Escrito por: Kleber Henrique
Resgatar um pouco da história de alguém ou mesmo de acontecimentos de uma época é algo sempre incompleto, pois, jamais se conseguirá reunir completamente as peças que formarão uma visão total; consegue-se apenas juntar pedaços significados e reveladores. Falar de alguém e de sua vida é ainda mais difícil, pois a essência maior de cada ser é singular e ímpar. Nas linhas a seguir falaremos de uma poetisa da terra que em vida deixou um grande acervo de sua obra, pois a poesia era sua parceira maior nos registros do que vivia. Poderíamos intitular a página: “SIMPLESMENTE MARIA”, mas decidimos nomeá-la com o nome dado pelo povo,pois acredito que a mesma acharia melhor esse titulo o qual vem abaixo e os leitores logo saberão o porquê.
Maria das Mercês de Andrade Campos, nasceu em 24 de junho de 1923, no pequeno sobrado de nº. 19 da rua Coronel Henrique em São Vicente Férrer onde foi viveu a vida inteira.
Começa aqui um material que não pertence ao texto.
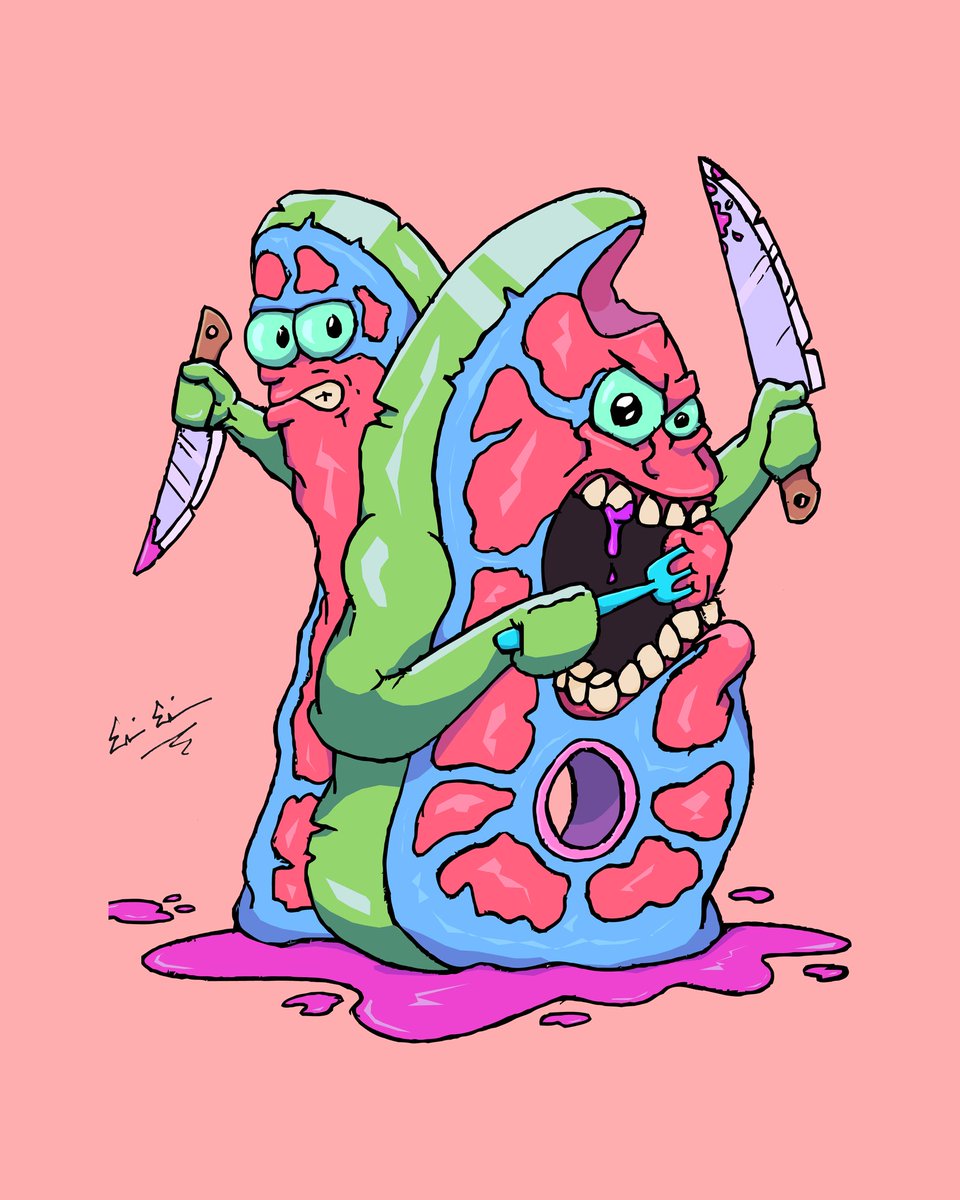 chainsawpolterg's tweet photo. Finalized work: "Meat VS Meat" #chainsawpoltergeist #art #artwork #80s #retro #drawings #drawings #digitalart #pendrawing https://t.co/KGZ2czot7M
Filha de Manoel Gomes de Andrade, homem branco de olhos azuis, conhecido como Sr. Mané Tomé ou Sr. Né, que era sapateiro e nas horas vagas gostava de fumar e dedilhar seu violão, e dona Gina Gomes de Andrade, que era cabocla com feições índias, dona de casa e tinha uma historia de vida interessante. Em passagem como retirantes para a Paraíba Gina adoeceu, seus pais a deixaram aos cuidados de um casal e nunca mais voltaram para buscá-la. O nome Gina foi inventado pra ela. A criança cresceu e era muito mal tratada pela família que a criou, até que Sr. Né ao vê-la, ainda menina com as mãos queimadas por ferro, com compaixão a pediu em casamento ainda menina e lhe deu esse nome, daí nasceu o amor deles e nasceram filhos, entre eles Maria das mercês ou SIMPLESMENTE MARIA.
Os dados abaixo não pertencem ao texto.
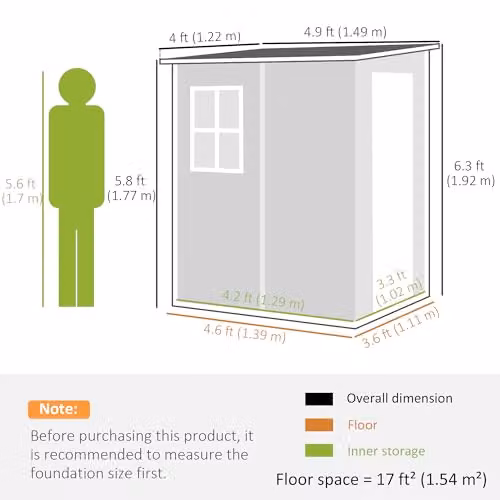 Outsunny Black Plastic Pent Garden Shed with Window and Lock – 6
Maria era uma menina religiosa e desde pequena, mostrava-se sensível às artes, participando de pastoris e pequenos dramas de teatro infantil e cantava bem acompanhada pelo violão de Sr. Né, seu pai. Quando aprendeu a escrever com dona Filomena (a única professora da vila Manoel Borba), que ensinava o bê-á-bá entre muito autoritarismo e tragos de cachaça, Maria começou a escrever versos em estilo de trovas.
Aos 15 anos, numa quinta-feira santa, (06 de abril de 1938) como a mesma registrou, conheceu o grande amor de sua vida Pio Ferreira Campos, homem franzino, negro, pobre e músico da banda local. Apaixonaram-se mutuamente e sofreram juntos a repressão de Sr. Né que era extremamente racista. Pio, decepcionado, entrega-se a boemia o que agrava ainda mais a situação do casal, como ele deixa bem claro num poema que escreveu para Maria intitulado “O que sou” eis um trecho:
“Sou a tristeza de uma despedida
Sou lágrima doida que no chão rolou
Sou a ave errante que não tem guarida
Sou o passado que o tempo tragou”.
E ainda em carta à sua amada em 1949, escreve:
“Maria nome sublime e elevado
Como te exaltas na imensidão dos astros
Nos meus olhos sempre nevoados
Brilhas e iluminas meus pobres passos”.
Passados 14 anos de sofrimento dos dois, sr. Né muda de idéia, depois que Maria é acometida de febre tifo e quando em pré-coma chama pelo nome de Pio. Sr. Né faz promessa e quando Maria se recuperou da doença, seu casamento foi permitido.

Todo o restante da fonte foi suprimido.